=== Section Start ===

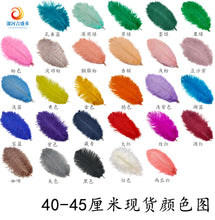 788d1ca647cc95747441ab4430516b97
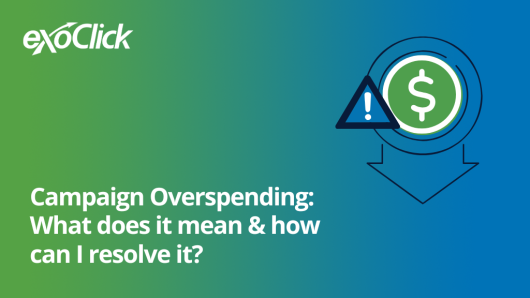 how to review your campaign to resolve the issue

=== Section End ===
=== Section Start ===

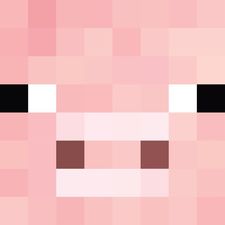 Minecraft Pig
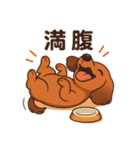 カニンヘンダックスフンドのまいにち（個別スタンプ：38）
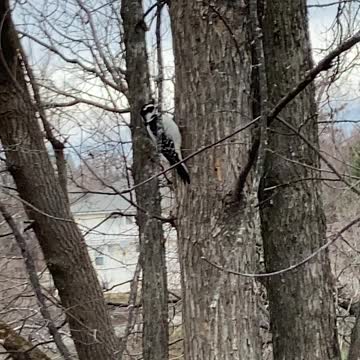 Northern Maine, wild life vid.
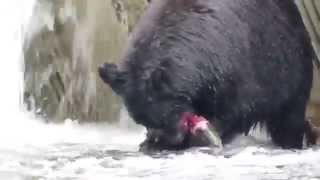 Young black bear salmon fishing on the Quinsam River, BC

=== Section End ===

YOUR TASK:
Return exactly the stretch above whose first line contains "カニンヘンダックスフンドのまいにち（個別スタンプ：38）" and whose last line contains "Young black bear", and nothing outside it. The pictures should not appear.

SOLUTION TO THE PROBLEM:
 カニンヘンダックスフンドのまいにち（個別スタンプ：38）
 Northern Maine, wild life vid.
 Young black bear salmon fishing on the Quinsam River, BC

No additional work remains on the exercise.